Засмеялся Киря, распахивая железом начиненный рот: спирт, масло… Хлеб по выдаче!
— После войны воспользуюсь советом, Опанас!
Ещё до происшествия в усадьбе Игнатовой сотник Ягупкин снарядил в разведывательный вояж казака Кузовчикова. Тот пересёк границу на рассвете в районе руин «Вала Чингисхана».
Песками и перелесками достиг железной дороги. На глухом разъезде Билютай в полночь сел в пассажирский поезд.
Пробравшись среди спящих в середину вагона, высмотрел свободную полку под потолком. Ватник — под голову. Объёмный мешок — в ноги. В тепле быстро уснул. Пробудился — окна светлые. Люди внизу загомонили. Из отрывочных слов Иван Спиридонович понял: мужики и бабы следуют на лесозаготовки. Ранним утром с ними вместе сошёл на полустанке «Безречная». Смешавшись с колхозниками, покинул перрон и оставил пределы небольшого посёлка.
В Харбине, намечая маршрут «ходки», со слов Ягупкина он запомнил названия населённых пунктов, повторением закрепил их в памяти — пятивёрстка была отпечатана ещё в царское время. Теперь приходилось на месте сверять сведения с натурой и Кузовчиков побаивался «засветиться».
В отрогах гольца Саранакан, в таёжной пади Ореховая, у крутолобой сопки — заимка. Памятная с Гражданской войны. Отсиживались в зимовье с Ягупкиным, покалеченным в деревне. Красные партизаны едва не прищучили тогда в землянке. В том глухом местечке Иван Спиридонович надеялся и теперь привести себя в порядок, отоспаться. В его уме стояла картинка прежнего укрытия: землянка ласточкиным гнездом прилепилась на краю взлобка.
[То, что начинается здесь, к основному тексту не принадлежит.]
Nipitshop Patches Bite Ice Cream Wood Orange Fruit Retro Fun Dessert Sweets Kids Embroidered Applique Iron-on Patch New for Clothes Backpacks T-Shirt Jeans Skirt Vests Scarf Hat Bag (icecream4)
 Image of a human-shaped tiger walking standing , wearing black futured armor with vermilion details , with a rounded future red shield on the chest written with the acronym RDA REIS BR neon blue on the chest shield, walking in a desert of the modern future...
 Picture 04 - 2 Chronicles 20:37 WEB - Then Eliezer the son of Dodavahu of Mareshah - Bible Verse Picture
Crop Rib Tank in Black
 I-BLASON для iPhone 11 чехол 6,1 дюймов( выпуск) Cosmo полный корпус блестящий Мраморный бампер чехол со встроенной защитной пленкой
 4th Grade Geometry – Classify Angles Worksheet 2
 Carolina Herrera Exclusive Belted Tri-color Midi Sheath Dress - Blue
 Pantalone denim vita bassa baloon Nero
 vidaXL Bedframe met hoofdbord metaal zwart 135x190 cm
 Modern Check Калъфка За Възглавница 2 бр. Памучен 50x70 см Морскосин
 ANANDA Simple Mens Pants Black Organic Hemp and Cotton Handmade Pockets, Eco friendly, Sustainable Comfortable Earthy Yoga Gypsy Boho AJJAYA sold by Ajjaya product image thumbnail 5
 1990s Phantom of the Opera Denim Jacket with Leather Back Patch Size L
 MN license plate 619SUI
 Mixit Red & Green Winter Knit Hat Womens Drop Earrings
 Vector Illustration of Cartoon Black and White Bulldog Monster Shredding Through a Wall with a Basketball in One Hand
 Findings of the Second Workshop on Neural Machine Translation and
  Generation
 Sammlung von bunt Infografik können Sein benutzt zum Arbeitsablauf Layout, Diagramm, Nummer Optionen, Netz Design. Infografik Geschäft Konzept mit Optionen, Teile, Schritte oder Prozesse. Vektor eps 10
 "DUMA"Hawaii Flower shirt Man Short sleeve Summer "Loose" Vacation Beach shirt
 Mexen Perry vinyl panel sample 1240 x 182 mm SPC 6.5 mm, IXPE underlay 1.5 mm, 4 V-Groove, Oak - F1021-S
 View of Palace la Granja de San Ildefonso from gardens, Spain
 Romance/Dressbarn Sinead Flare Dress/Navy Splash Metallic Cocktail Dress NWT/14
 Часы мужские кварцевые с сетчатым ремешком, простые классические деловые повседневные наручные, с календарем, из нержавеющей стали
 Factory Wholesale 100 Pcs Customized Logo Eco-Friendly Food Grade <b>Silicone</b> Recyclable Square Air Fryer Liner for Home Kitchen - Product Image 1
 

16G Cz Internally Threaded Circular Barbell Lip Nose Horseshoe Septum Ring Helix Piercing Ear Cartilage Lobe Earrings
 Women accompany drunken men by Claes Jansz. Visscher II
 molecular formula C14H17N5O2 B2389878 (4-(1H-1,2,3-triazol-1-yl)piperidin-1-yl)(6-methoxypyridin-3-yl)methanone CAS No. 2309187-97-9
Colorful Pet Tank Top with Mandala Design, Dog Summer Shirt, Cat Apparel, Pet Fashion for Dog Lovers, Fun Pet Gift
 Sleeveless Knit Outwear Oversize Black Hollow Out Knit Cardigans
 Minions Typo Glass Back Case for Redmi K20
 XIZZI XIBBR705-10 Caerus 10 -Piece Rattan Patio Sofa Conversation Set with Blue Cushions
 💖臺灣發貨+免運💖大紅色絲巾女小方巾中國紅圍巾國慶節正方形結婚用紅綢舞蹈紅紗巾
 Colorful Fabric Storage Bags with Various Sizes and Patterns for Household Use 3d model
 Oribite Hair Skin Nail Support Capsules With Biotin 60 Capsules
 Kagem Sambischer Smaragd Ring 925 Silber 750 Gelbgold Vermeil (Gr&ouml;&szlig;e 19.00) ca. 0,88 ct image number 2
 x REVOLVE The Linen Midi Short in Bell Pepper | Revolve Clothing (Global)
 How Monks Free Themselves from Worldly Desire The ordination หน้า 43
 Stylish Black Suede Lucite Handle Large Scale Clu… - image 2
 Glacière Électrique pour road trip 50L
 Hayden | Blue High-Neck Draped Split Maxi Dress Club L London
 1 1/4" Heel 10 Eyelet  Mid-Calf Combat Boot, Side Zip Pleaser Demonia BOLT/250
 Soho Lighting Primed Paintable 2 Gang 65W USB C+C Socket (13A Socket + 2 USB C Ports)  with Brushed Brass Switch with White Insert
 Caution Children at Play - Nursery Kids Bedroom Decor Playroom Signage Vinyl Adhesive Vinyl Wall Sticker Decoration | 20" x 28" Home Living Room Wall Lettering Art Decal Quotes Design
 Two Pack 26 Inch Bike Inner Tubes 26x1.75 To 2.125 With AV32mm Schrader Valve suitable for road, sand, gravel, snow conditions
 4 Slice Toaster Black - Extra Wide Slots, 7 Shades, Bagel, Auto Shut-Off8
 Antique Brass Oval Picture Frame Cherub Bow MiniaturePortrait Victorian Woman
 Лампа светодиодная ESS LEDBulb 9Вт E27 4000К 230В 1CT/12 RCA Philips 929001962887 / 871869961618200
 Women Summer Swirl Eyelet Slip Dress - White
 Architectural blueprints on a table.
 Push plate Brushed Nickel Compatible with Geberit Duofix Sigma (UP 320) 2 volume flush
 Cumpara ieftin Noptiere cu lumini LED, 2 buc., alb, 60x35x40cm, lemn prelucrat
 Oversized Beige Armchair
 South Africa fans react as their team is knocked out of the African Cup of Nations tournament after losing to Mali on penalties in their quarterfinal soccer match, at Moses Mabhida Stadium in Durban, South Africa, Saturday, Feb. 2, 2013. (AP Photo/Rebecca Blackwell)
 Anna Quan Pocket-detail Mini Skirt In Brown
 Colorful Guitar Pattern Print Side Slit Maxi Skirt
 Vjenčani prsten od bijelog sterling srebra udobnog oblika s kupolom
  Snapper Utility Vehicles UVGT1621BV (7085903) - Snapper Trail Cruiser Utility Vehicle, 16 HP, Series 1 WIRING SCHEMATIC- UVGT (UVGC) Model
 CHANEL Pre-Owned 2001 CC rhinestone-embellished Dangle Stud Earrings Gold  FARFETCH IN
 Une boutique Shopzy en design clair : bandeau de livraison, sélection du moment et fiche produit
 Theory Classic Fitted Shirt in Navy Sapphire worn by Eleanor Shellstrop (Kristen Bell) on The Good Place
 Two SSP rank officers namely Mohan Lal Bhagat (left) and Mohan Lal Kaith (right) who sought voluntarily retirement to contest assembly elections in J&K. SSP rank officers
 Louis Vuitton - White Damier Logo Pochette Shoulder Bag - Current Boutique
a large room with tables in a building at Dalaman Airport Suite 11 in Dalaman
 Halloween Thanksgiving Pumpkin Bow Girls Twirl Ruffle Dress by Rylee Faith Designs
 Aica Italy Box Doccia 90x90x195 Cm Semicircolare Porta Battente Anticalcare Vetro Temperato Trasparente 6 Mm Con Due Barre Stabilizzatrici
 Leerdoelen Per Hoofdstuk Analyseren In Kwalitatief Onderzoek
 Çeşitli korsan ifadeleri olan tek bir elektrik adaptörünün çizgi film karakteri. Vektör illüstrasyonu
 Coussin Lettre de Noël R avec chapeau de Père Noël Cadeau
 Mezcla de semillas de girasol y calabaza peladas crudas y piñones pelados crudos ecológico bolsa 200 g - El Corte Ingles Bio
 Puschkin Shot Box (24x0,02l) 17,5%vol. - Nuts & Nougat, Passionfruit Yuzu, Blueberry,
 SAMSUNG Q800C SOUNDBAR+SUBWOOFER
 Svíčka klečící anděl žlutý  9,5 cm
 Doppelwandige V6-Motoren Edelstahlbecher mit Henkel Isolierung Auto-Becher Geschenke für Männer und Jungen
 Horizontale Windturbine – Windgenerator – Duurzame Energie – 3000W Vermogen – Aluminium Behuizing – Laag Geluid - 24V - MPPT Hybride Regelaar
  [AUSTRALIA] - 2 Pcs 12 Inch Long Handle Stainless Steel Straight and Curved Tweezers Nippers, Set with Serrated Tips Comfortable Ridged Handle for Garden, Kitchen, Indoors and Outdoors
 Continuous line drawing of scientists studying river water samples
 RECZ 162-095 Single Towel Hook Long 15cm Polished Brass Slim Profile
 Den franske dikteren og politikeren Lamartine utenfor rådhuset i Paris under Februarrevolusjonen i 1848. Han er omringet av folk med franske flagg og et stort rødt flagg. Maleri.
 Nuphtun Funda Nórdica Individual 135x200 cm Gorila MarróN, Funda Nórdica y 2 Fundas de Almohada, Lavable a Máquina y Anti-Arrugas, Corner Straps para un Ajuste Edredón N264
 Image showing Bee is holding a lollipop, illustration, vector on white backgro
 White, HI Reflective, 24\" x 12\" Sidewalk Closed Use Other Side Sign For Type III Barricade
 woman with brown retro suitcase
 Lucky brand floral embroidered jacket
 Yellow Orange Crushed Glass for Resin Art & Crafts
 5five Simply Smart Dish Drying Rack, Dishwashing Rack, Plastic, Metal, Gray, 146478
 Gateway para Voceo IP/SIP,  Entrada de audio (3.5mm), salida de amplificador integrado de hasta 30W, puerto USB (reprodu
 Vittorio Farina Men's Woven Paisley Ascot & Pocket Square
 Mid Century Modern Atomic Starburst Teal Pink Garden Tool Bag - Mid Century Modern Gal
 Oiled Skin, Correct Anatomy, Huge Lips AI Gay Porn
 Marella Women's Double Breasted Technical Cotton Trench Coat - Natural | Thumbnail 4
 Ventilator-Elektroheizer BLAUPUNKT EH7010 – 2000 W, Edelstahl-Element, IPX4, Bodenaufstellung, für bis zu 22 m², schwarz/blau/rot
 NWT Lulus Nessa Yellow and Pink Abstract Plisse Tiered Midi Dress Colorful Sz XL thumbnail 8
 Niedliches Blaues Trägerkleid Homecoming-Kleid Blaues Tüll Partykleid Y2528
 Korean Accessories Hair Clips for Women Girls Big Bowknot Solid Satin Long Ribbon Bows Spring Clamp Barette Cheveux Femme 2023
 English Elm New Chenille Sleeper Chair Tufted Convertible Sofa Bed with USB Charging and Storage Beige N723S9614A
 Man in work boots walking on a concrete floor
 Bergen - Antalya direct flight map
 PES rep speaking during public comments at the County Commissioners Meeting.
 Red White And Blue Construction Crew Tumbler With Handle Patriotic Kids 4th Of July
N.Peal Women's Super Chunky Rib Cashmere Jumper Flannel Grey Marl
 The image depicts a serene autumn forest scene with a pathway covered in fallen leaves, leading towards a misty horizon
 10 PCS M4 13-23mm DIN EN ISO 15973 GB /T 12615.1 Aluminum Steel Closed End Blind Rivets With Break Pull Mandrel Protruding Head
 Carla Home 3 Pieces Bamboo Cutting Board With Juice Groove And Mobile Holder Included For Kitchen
На вершинке седловины — сухие лиственницы и нагромождение валунов…
На вторые сутки Кузовчиков выбрел охотничьей тропой к Бургени, каменистой пади. Уторённый тракт с промоинами и грязью. Сновали автомобили, тянулись тележные обозы с брёвнами. В глубь тайги — порожние. Он подсел на пустую телегу.
— Из Куналея, чё ли? — Молодка в мужском пиджаке, перетянутом по талии сыромятным ремешком, окинула Кузовчикова усмешливыми глазами.
— Не-е. — Кузовчиков снял с плеч свой мешок, уложил рядом.
— Почё бородат? Молокан, чё ли?
— В тайге бритву посеял.
— Собрался на тот год две найти?
— Но-о…
Повозчица махала кнутом и лошадь проворнее заступала мохнатыми ногами.
— А я подумала: семейский.
Сбрить бороду было несообразно: половина лица окажется белой, незагорелой. Ещё приметнее. «Отбрешешься!» — успокаивал его Ягупкин в Харбине. И при встрече на явке агент может не признать его.
В другой обстановке Иван Спиридонович не преминул бы поволочиться за ядрёной бабёнкой, зазывно постреливающей карими глазами. А тут, пообещав наведаться в другой раз, спрыгнул на ходу, накинул лямки мешка на плечи, углубился в густой сосняк.